In the filing last week, the unions and agency were hopeful the rule might have a second chance, pointing specifically to an executive order that President Joe Biden issued on Jan. 21 directing OSHA to consider adopting a temporary emergency standard for businesses to follow during the pandemic. The order gave the agency a March 15 deadline to issue the standard if it determines one is necessary, according to the filing.

The unions and agency said a pause in the litigation was warranted as OSHA reevaluated its regulatory priorities in light of the change in administration.

"Given … the potential for resolution of this case without the need for a writ of mandamus from this court, the parties believe that it would conserve the resources of both the court and the parties to remove the case from the court's argument calendar and place the case in abeyance while the agency reassesses its position," the parties said in the filing.

OSHA will update the court within 60 days on its plans to develop a new infectious diseases standard, according to the filing. The case had been scheduled for oral argument on March 3. 

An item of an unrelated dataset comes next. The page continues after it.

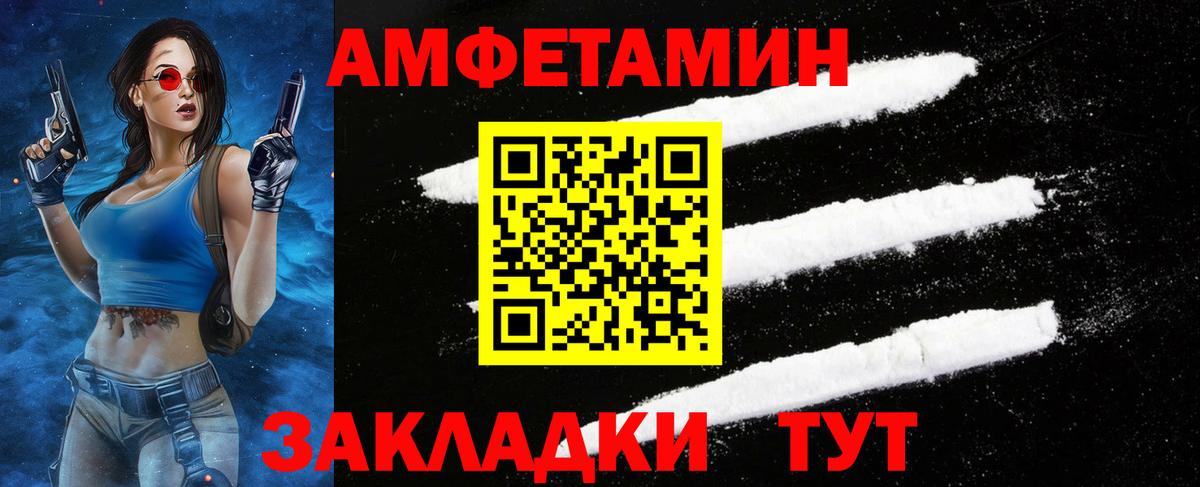 Воскресенск  Конопля  Метамфетамин  Экстази  Cocaine  ГАШ  Вход с VPN  ГАШ  Меф кристаллы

Michael Martinez, managing senior counsel at the Democracy Forward Foundation, who represents the unions, said Monday that his team will continue communicating with OSHA during the pause in the litigation to monitor the progress of a new standard. While there have been positive signs the agency will move forward on the regulation, Martinez told Law360, the unions will ultimately want to see a firm commitment, such as a notice of proposed rulemaking.

He said the temporary emergency standard mentioned in the Biden order would be welcome but not sufficient because it would be limited to COVID-19.

A representative of the Department of Labor did not immediately comment when reached Monday.

The unions are represented by Michael Martinez, Jeffrey Dubner and Sean Lev of the Democracy Forward Foundation.

The Department of Labor and OSHA are represented in house by Joseph Gilliland.

The case is American Federation of Teachers et al. v. Occupational Safety and Health Administration et al., case number 20-73203, in the U.S. Court of Appeals for the Ninth Circuit.